Within seconds of entering the bedroom, Tamatoa re-emerged with a slash to his eye and a knife with a 20cm blade sticking from his chest.
Crown prosecutor Alysha McClintock acknowledged Tamatoa's behaviour was "appalling" that night. Witnesses said his drug-fuelled rampage included holding a gun to his ex-girlfriend's throat and threatening to kill her, doing doughnuts with his car in a paddock on the property and throwing a crumpet at a friend who had tried to calm him down following another confrontation.
But the defendant wasn't fearful, she argued. He instead was looking for revenge after Tamatoa stole $18,000 worth of illegal drugs from him days earlier and an incident the prior month in which he believed Tamatoa shot at his car as he was leaving the same property.
"As badly as Mr Tamatoa behaved that night, when he finally did come across Mr Harnwell he had no weapon and he had no associates with him," McClintock said. "Mr Harnwell armed himself and, really importantly, he did not leave ... despite there being ample opportunities for him to do so.
"That tells you he had his own motivation."
There was a door to the back deck in the bedroom where he was hiding and windows he could have crawled out of if he was scared and looking to avoid a confrontation, she said. He knew the property well and could have easily walked into the darkness, she said.
Also important to note, she argued, is that witnesses did not hear the two men exchange any words inside the bedroom before Tamatoa was stabbed - nothing to indicate an argument that might require self-defence.
In a recorded interview with police that was played for jurors last month, Harnwell suggested Tamatoa - who was much bigger than him - was accidentally stabbed when he fell on the knife as Harnwell was sitting in a recliner chair.
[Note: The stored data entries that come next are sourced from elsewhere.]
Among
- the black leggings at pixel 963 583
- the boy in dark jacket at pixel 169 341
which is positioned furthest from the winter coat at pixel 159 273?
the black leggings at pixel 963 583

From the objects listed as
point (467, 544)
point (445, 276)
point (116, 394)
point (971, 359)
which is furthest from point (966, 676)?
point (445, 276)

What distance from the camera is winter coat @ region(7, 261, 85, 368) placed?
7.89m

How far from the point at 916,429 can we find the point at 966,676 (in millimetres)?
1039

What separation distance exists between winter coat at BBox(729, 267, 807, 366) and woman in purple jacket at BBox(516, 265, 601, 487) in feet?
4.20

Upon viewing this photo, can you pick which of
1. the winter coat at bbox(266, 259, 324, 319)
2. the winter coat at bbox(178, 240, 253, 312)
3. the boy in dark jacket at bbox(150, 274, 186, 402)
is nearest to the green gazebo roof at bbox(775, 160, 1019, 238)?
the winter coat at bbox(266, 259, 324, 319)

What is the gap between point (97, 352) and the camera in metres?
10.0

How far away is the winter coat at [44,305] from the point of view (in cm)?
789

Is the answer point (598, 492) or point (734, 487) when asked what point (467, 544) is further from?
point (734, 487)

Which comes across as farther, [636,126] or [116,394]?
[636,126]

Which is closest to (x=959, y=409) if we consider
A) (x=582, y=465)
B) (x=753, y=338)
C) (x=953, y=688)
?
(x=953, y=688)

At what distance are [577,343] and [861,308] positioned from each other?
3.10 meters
McClintock disparaged that explanation as well.
"It's utterly implausible that Mr Tamatoa fell on the knife once, fell on the knife again and got stabbed," she said of the wounds to his eye and his chest.
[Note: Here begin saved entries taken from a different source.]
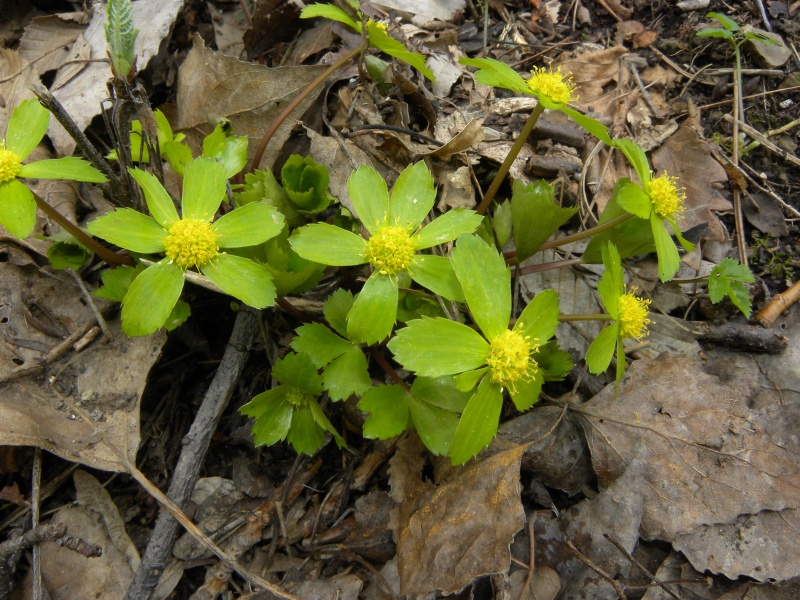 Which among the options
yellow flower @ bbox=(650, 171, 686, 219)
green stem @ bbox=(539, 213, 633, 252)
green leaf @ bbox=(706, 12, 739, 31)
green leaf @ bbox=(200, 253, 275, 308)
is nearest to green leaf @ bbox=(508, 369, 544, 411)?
green stem @ bbox=(539, 213, 633, 252)

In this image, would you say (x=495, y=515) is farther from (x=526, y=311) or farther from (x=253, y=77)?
(x=253, y=77)

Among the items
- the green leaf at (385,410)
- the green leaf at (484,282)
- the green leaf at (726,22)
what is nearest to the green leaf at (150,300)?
the green leaf at (385,410)

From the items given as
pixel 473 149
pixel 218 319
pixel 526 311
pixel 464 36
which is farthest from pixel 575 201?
pixel 218 319

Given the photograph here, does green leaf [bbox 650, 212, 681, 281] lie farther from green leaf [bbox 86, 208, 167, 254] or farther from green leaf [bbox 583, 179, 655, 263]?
green leaf [bbox 86, 208, 167, 254]

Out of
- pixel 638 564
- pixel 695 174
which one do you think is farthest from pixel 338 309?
pixel 695 174

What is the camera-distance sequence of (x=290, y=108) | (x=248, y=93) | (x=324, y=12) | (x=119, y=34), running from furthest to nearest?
(x=248, y=93), (x=290, y=108), (x=324, y=12), (x=119, y=34)

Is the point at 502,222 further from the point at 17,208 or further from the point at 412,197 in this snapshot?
the point at 17,208

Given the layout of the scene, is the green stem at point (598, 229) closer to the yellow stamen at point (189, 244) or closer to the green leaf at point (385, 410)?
the green leaf at point (385, 410) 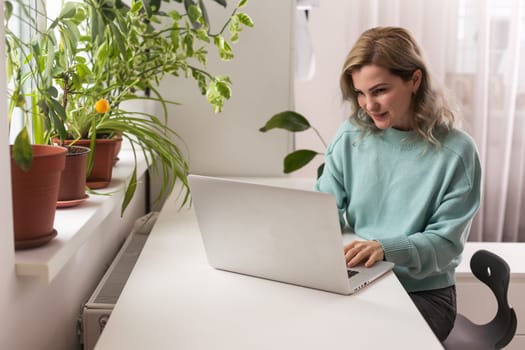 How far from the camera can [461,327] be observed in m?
1.83

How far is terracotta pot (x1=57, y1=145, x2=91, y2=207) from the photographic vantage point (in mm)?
1382

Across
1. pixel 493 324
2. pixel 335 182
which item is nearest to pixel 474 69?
pixel 335 182

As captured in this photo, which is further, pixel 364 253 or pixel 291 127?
pixel 291 127

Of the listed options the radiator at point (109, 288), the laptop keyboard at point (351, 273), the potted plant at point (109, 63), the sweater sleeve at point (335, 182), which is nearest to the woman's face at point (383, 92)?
the sweater sleeve at point (335, 182)

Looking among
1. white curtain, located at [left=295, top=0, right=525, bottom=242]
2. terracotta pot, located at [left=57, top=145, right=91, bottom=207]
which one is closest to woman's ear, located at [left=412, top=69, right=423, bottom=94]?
terracotta pot, located at [left=57, top=145, right=91, bottom=207]

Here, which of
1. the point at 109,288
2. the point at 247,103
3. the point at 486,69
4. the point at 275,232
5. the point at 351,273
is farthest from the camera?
the point at 486,69

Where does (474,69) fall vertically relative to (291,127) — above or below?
above

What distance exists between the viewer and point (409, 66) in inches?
70.6

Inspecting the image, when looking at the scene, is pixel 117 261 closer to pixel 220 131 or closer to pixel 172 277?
pixel 172 277

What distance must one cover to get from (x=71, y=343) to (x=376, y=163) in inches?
33.7

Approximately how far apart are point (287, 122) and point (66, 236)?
117 cm

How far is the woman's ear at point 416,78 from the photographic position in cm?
181

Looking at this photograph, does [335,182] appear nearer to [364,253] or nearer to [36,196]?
[364,253]

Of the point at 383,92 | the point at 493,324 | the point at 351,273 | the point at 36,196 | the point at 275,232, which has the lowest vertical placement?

Even if jurors do believe Harnwell cut Tamatoa's face out of self-defence to begin with, "that makes the stab to the chest gratuitous", she argued.
But the defence characterised prosecutors' idea that Harnwell didn't fear for his life and could have walked away as "fanciful theories" and "a preposterous suggestion". While a gun wasn't found on Tamatoa's body, it isn't in dispute that he had one earlier that night and it's likely he still did as he entered the room, Speed told jurors.
"[Tamatoa] went in there to kill him and he was going to use a gun. That's what he was in there to do," Speed said, adding that his client "swung [the knife] out of fear, out of terror in a fraction of a second he had to think about it, with his eyes closed".
Jurors are expected to begin deliberating on Friday.